INPUT FOR THIS TASK —
---+---

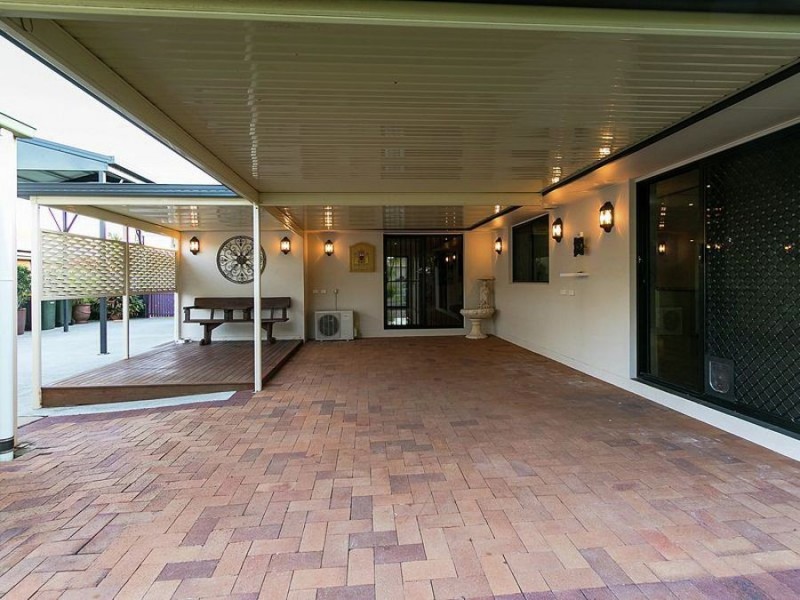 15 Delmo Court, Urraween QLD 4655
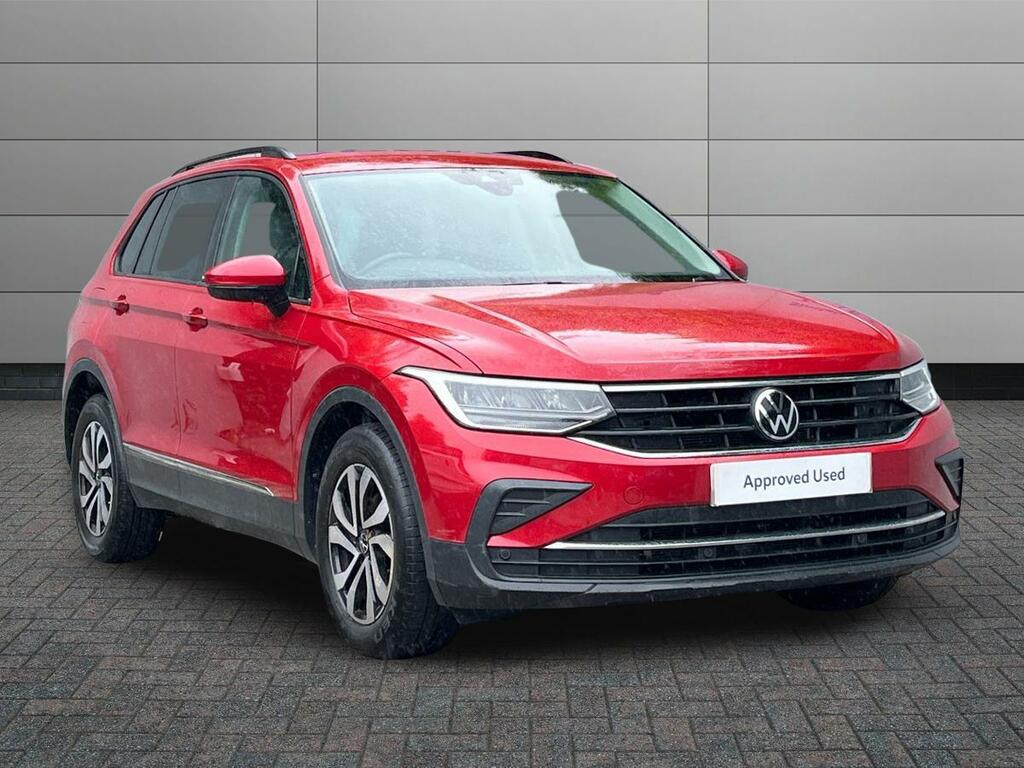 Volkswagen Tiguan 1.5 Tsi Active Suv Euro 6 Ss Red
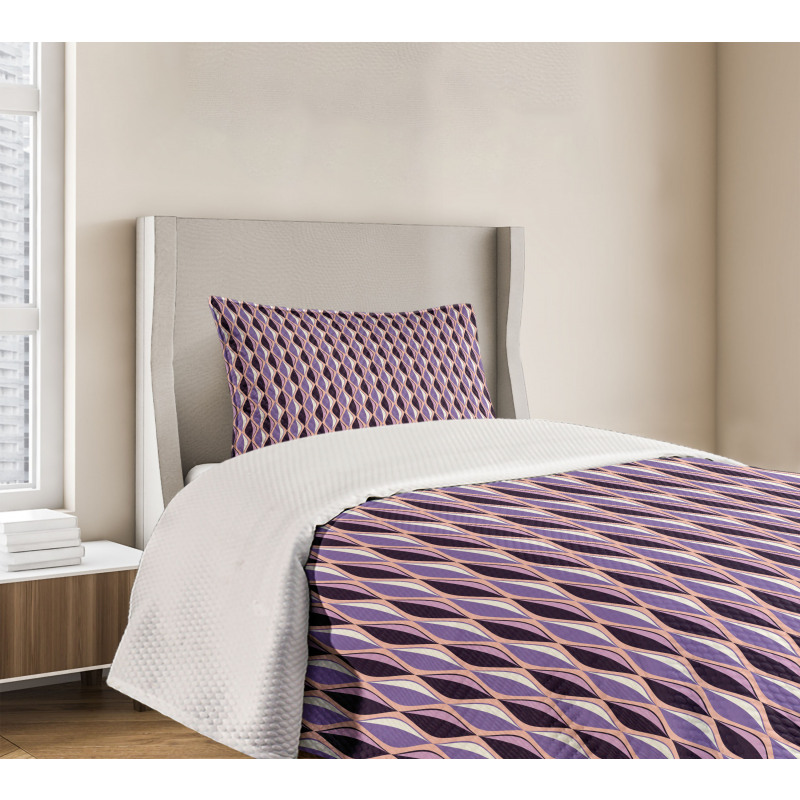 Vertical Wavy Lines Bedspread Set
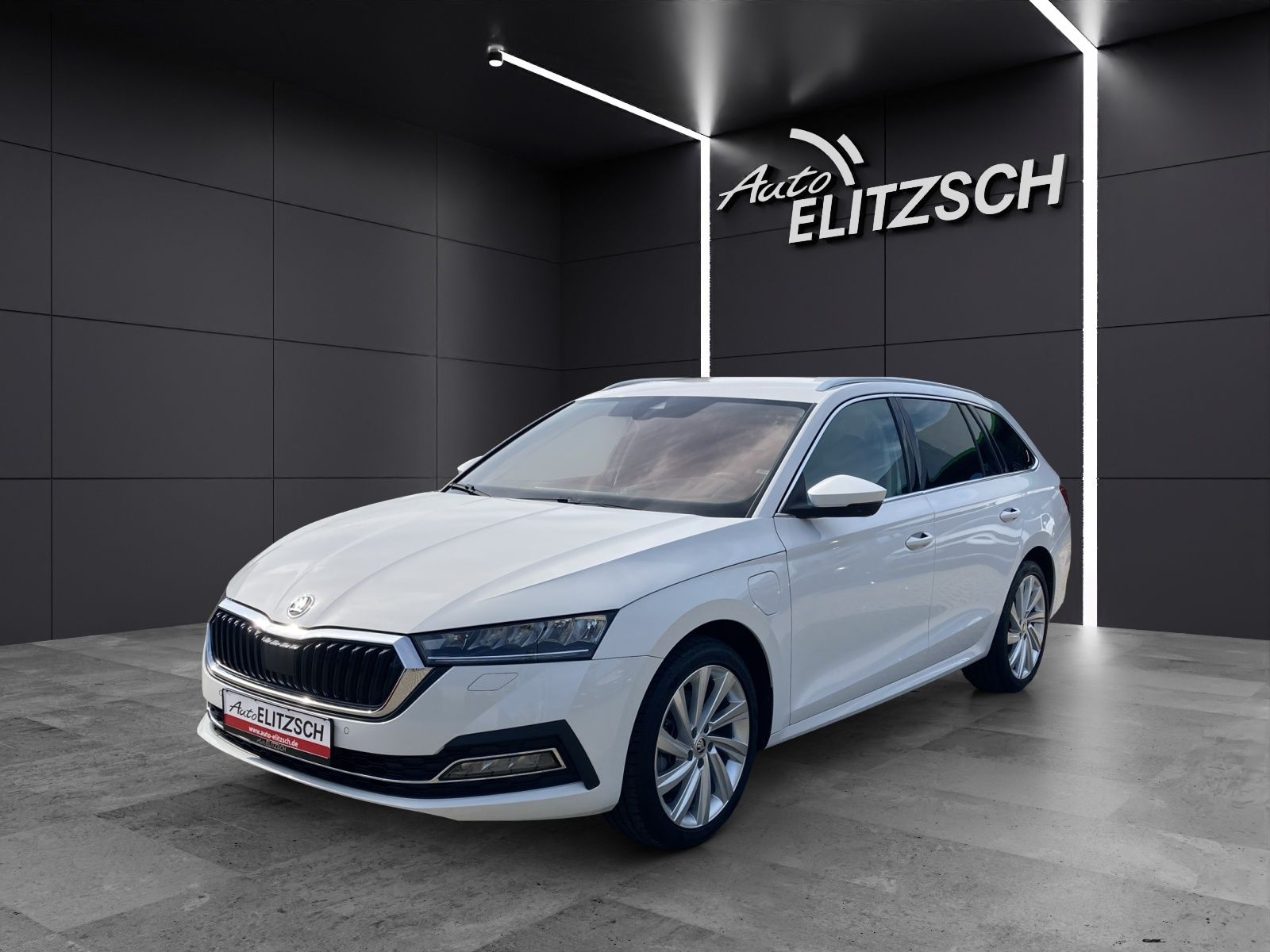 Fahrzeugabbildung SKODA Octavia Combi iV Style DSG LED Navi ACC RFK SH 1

---+---

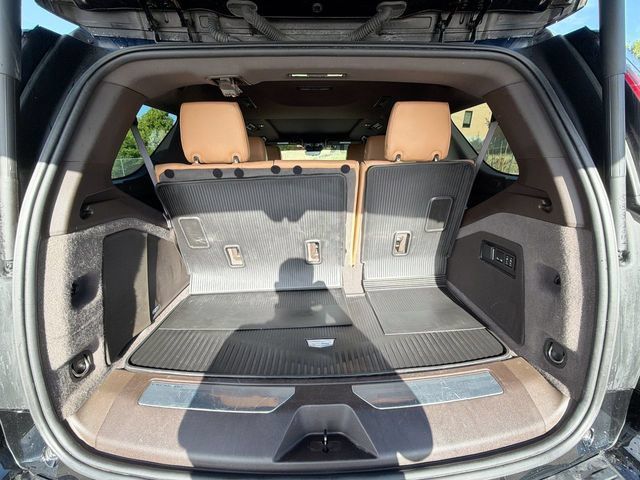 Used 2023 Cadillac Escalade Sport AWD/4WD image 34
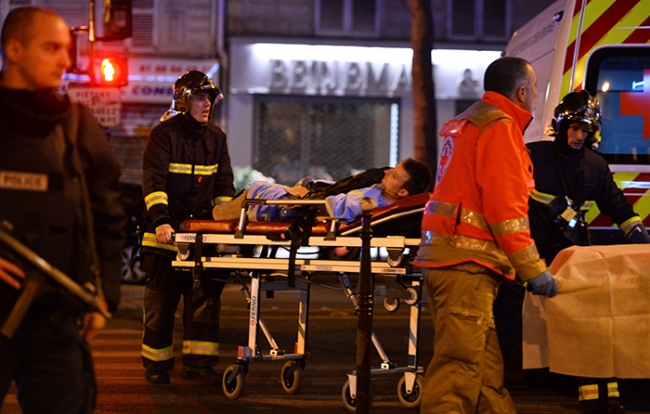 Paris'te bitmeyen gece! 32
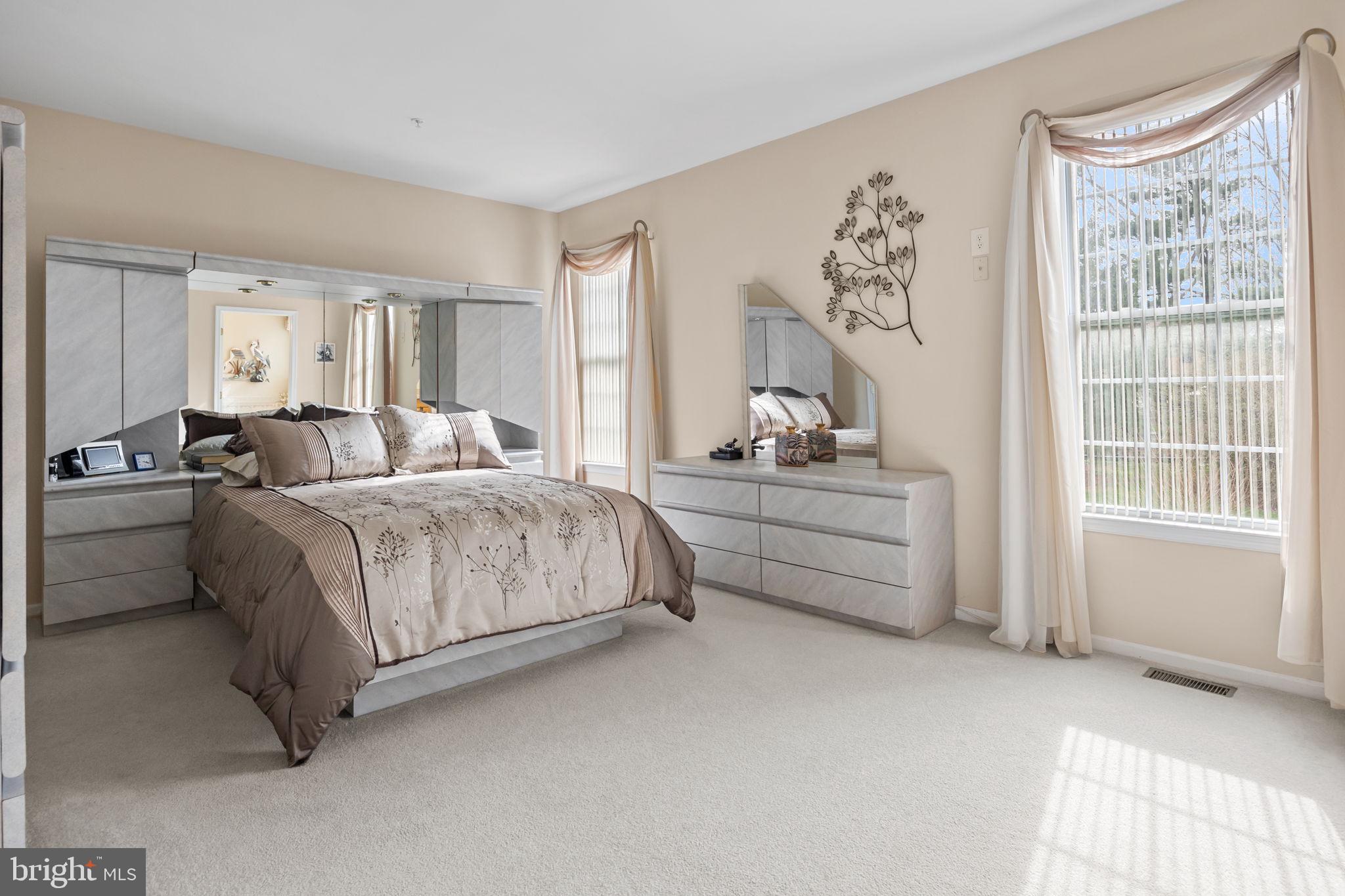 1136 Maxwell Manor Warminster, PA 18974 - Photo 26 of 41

---+---

WHAT TO DO —
From the material above, output only the span of lines that starts at the one containing "15 Delmo Court, Urraween QLD 4655" and finishes at the one containing "Fahrzeugabbildung SKODA Octavia", word for word and free of pictures.

SOLUTION —
 15 Delmo Court, Urraween QLD 4655
 Volkswagen Tiguan 1.5 Tsi Active Suv Euro 6 Ss Red
 Vertical Wavy Lines Bedspread Set
 Fahrzeugabbildung SKODA Octavia Combi iV Style DSG LED Navi ACC RFK SH 1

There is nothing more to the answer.